Entries taken from a collection:
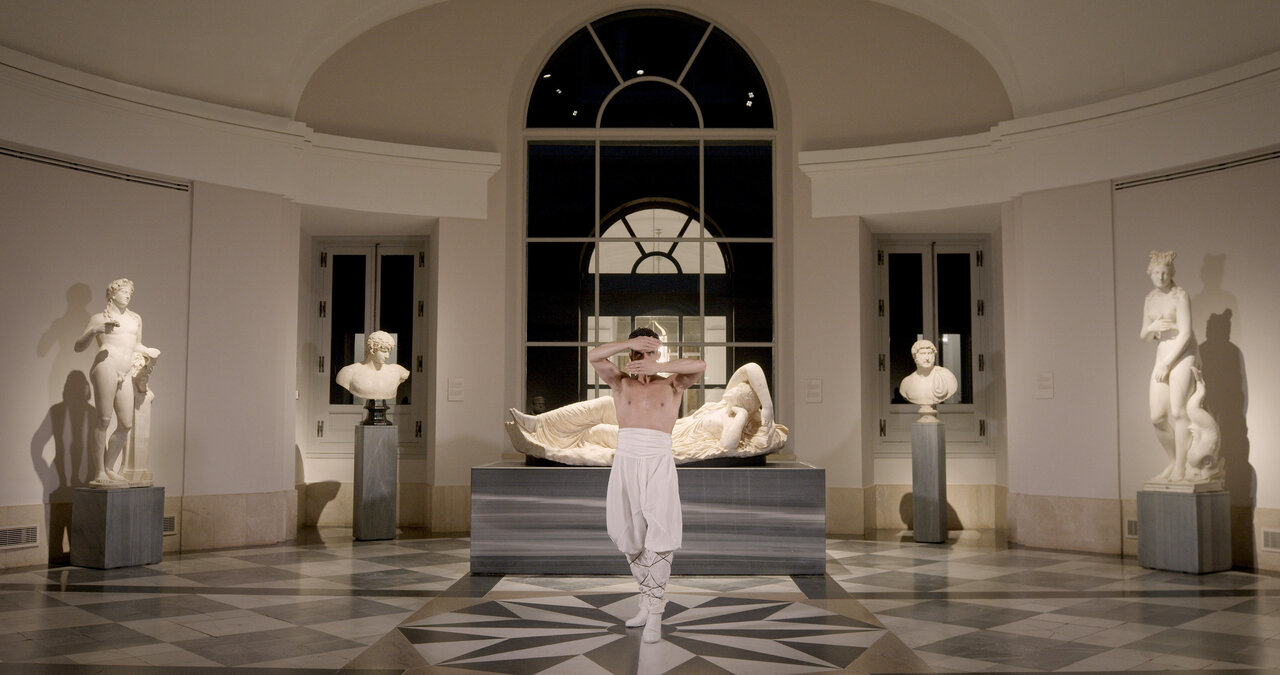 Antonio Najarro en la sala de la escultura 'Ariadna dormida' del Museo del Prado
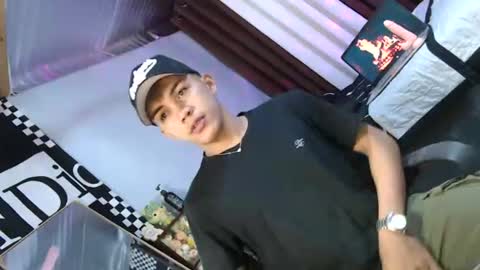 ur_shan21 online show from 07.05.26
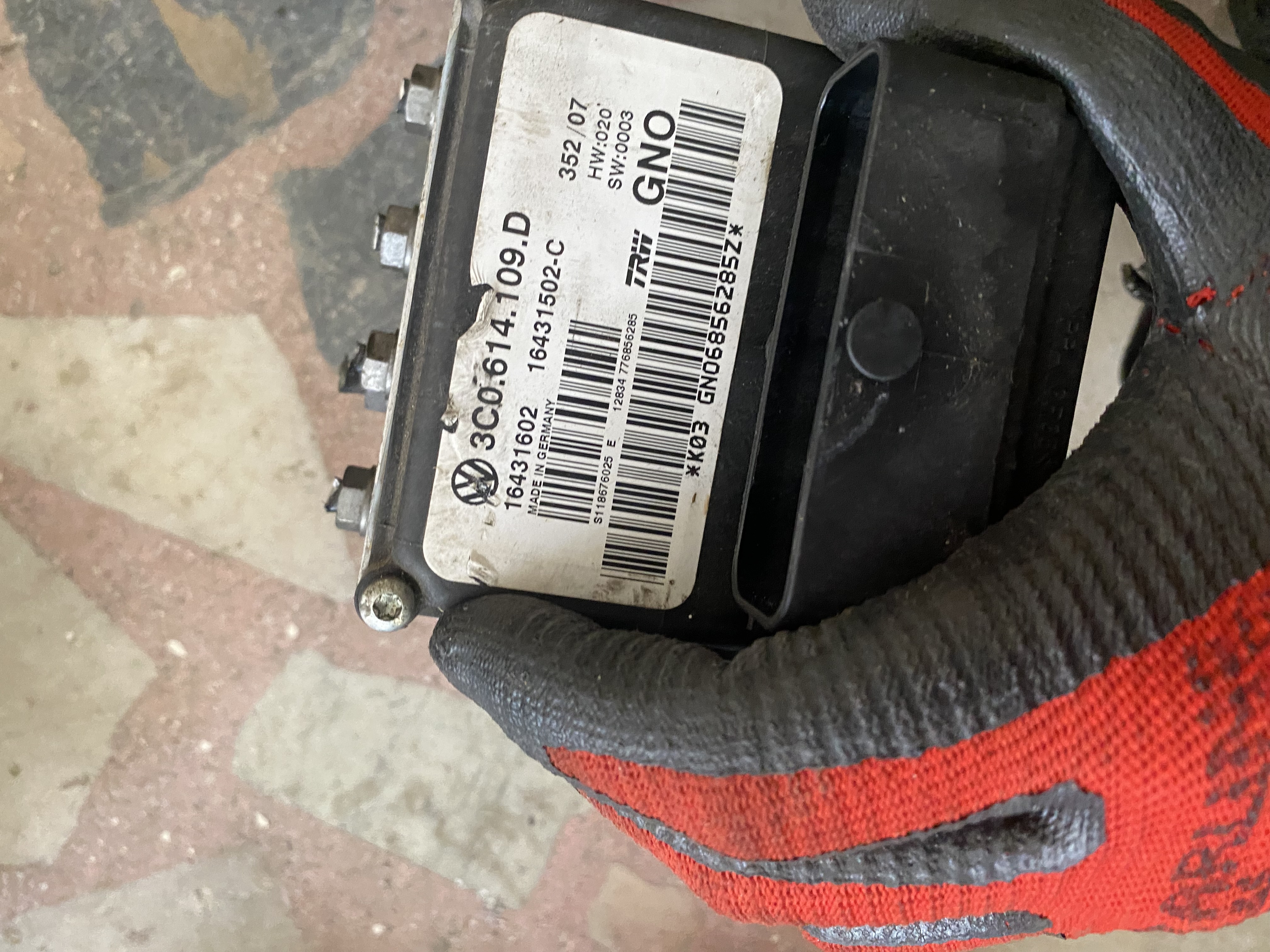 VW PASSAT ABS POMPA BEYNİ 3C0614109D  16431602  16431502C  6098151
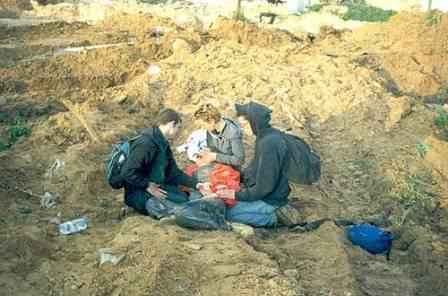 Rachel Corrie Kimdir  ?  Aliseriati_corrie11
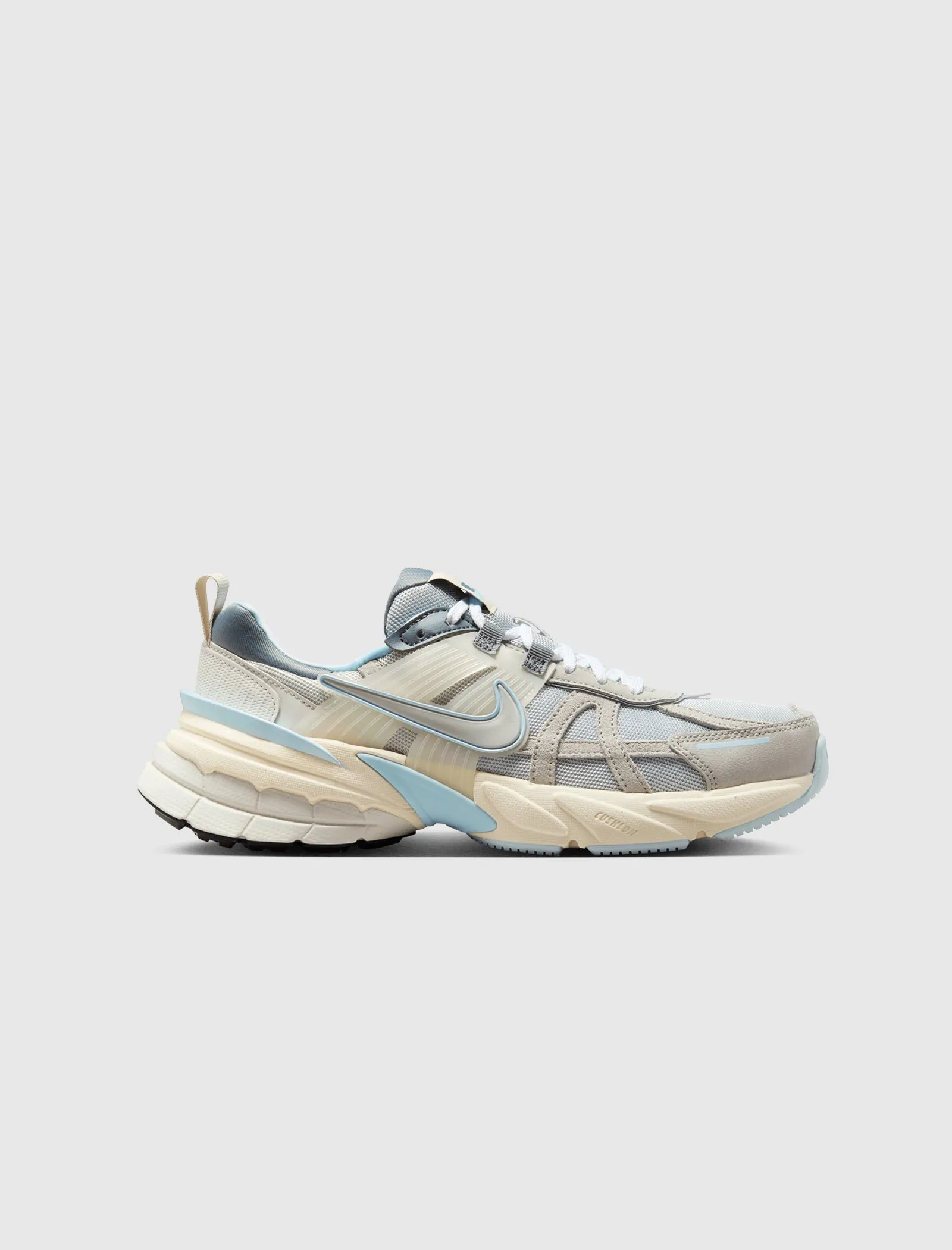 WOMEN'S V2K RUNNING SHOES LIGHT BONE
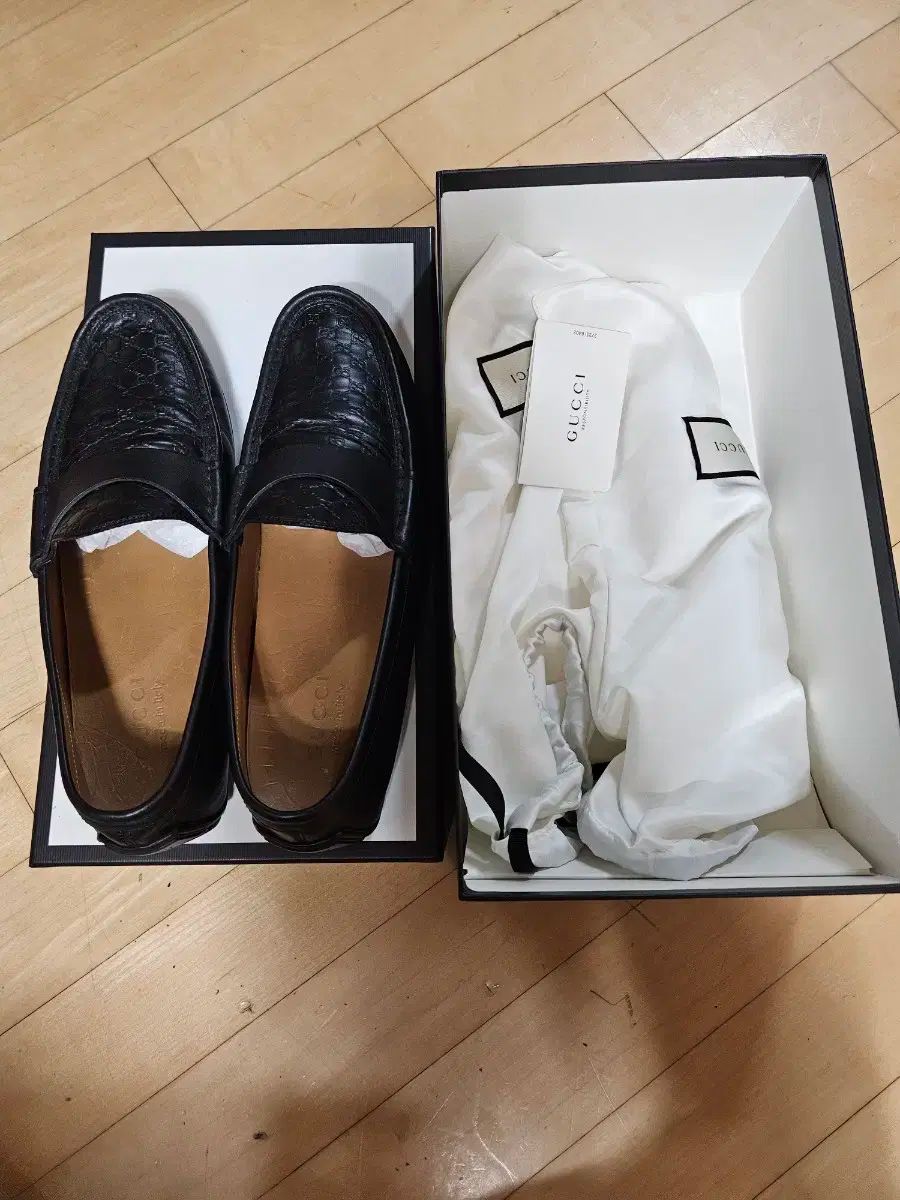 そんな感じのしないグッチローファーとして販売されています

◆ TASK TO CARRY OUT
Repeat each line above exactly as it reads, omitting any pictures.

◆ RESPONSE TO THIS TASK
 Antonio Najarro en la sala de la escultura 'Ariadna dormida' del Museo del Prado
 ur_shan21 online show from 07.05.26
 VW PASSAT ABS POMPA BEYNİ 3C0614109D  16431602  16431502C  6098151
 Rachel Corrie Kimdir  ?  Aliseriati_corrie11
 WOMEN'S V2K RUNNING SHOES LIGHT BONE
 そんな感じのしないグッチローファーとして販売されています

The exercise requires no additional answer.